ICICI Prudential Life | The company reported a 43% surge in net profit of ₹326 crore for the third quarter ended December 2024. The life insurance company promoted by ICICI Bank had posted a profit of ₹227 crore in the same quarter a year ago. During the third quarter of the ongoing fiscal year, the net premium income increased to ₹12,261 crore, as against ₹9,929 crore a year ago, ICICI Prudential Life said in a regulatory filing.
Tata Technologies | Global engineering and product development digital services firm reported a 1% year-on-year (YoY) dip in net profit at ₹168.6 crore for the third quarter that ended December 31, 2024, against ₹170.2 crore in the year-ago period. The company’s revenue from operations increased 2.2% to ₹1317.4 crore compared to ₹1,289.5 crore in the corresponding period of the preceding fiscal.

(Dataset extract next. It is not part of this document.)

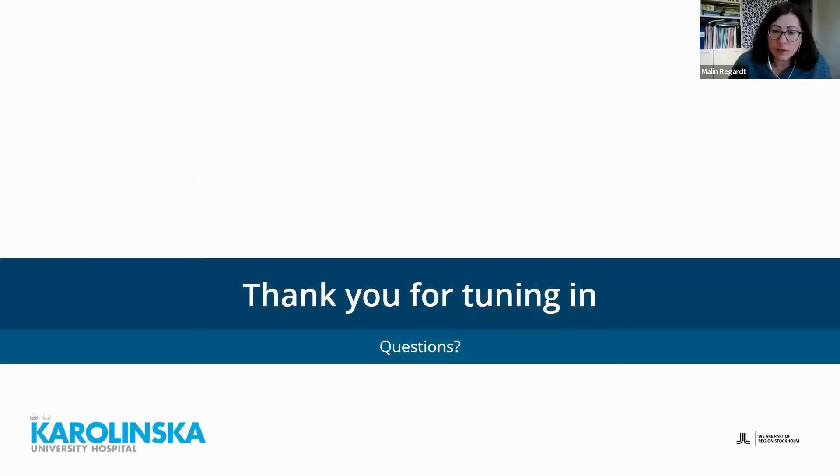That concludes my presentation. Now I'll take questions. The first question is: what questions should I ask my occupational therapist when first starting a program? I would hope that they would ask you questions about how you manage your daily activities, which is the core purpose of occupational therapy.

KEI Industries | Cable maker reported a 9.4% year-on-year (YoY) increase in net profit at ₹164.8 crore for the third quarter that ended December 31, 2024. In the corresponding quarter of the previous fiscal, KEI Industries posted a net profit of ₹150.6 crore. The company’s revenue from operations rose 19.8% to ₹2,467.2 crore against ₹2,059.3 crore in the year-ago quarter.
Tanla Platforms | The company reported a 15.4% year-on-year (YoY) decline in net profit at ₹118.5 crore for the third quarter that ended December 31, 2024. In the corresponding quarter of the previous fiscal, Tanla Platforms posted a net profit of ₹140.1 crore. The company’s revenue from operations dipped 0.2% to ₹1,000.4 crore against ₹1,002.6 crore in the year-ago quarter.

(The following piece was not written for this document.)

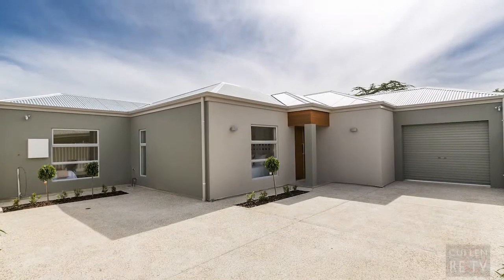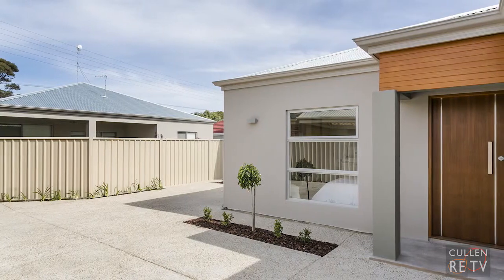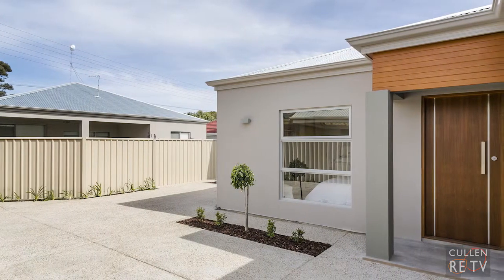This stunning custom design quality built home has just been completed and is ready and waiting for you to just move in and enjoy. It's got many luxurious features throughout, ample storage, great living areas and a nice pretty backyard as well. Hi, I'm John Cullen from Cullen Real Estate and welcome to 36A Birdwood Terrace, North Flintton. Let's go have a look around.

Dalmia Bharat | Cement maker reported a 75.2% year-on-year (YoY) decline in net profit at ₹66 crore for the third quarter that ended on December 31, 2024. In the same quarter in FY24, Dalmia Bharat posted a net profit of ₹266 crore. The CNBC-TV18 poll had predicted a profit of ₹138 crore for the quarter under review. The company’s revenue from operations dipped 11.7% to ₹3,181 crore against ₹3,604 crore in the corresponding period of the preceding fiscal. The CNBC-TV18 poll had predicted revenue of ₹3,375 crore for the quarter under review.
Indiamart Intermesh | B2B e-commerce firm reported a 47.6% year-on-year (YoY) jump in net profit at ₹121 crore for the third quarter that ended December 31, 2024. In the corresponding quarter of the previous fiscal, Indiamart Intermesh posted a net profit of ₹82 crore, the company said in a regulatory filing. The company’s revenue from operations increased 16% to ₹354.3 crore as against ₹305.3 crore in the corresponding period of the preceding fiscal.

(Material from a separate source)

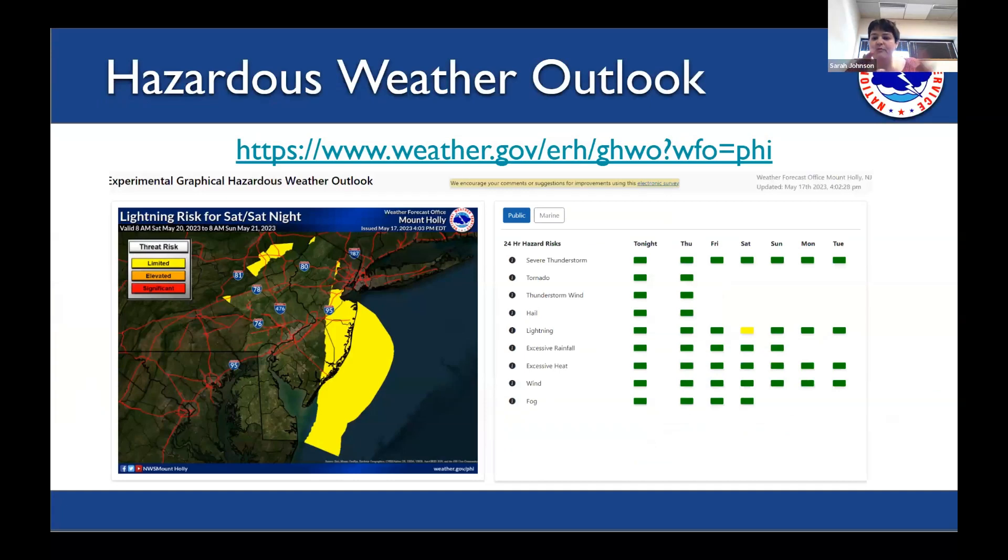Going from furthest out to closest in: we have outlooks issued up to seven days in advance, then watches, then warnings. We have a one-stop shop for any kind of hazardous weather on a color-coded system — red or purple meaning the worst, green meaning good, yellow meaning caution. This is for the Mount Holly/West Hampton office. For northeast New Jersey, you'd go to the sister office on Long Island. You can hover over to see what the highest current risk is — right now, because we still have chances for showers and thunderstorms especially Thursday, lightning is our biggest risk, with some risk also for severe thunderstorms, excessive rainfall, and wind along the coast.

Jana Small Finance Bank | The bank reported a 17.8% year-on-year (YoY) decline in net profit at ₹110.6 crore for the third quarter that ended December 31, 2024. In the corresponding quarter of the previous fiscal, Jana Small Finance Bank posted a net profit of ₹134.6 crore. However, there was a rise in the net interest income (NII), which is the difference between the interest income a bank earns from its lending activities and the interest it pays to depositors.
India Cements | The Chennai-based cement manufacturer recorded a net loss of ₹428.8 crore for the third quarter of fiscal 2025 (FY25), a significant increase from a loss of ₹16.5 crore in the same period last year. Revenue for the quarter declined by 17% to ₹903.2 crore, compared to ₹1,082 crore in Q3 FY24. The cement maker also reported an exceptional loss of ₹190 crore in Q3, which contributed to the wider loss. The decline in revenue and the exceptional loss highlight ongoing challenges for the company amid a sluggish demand environment.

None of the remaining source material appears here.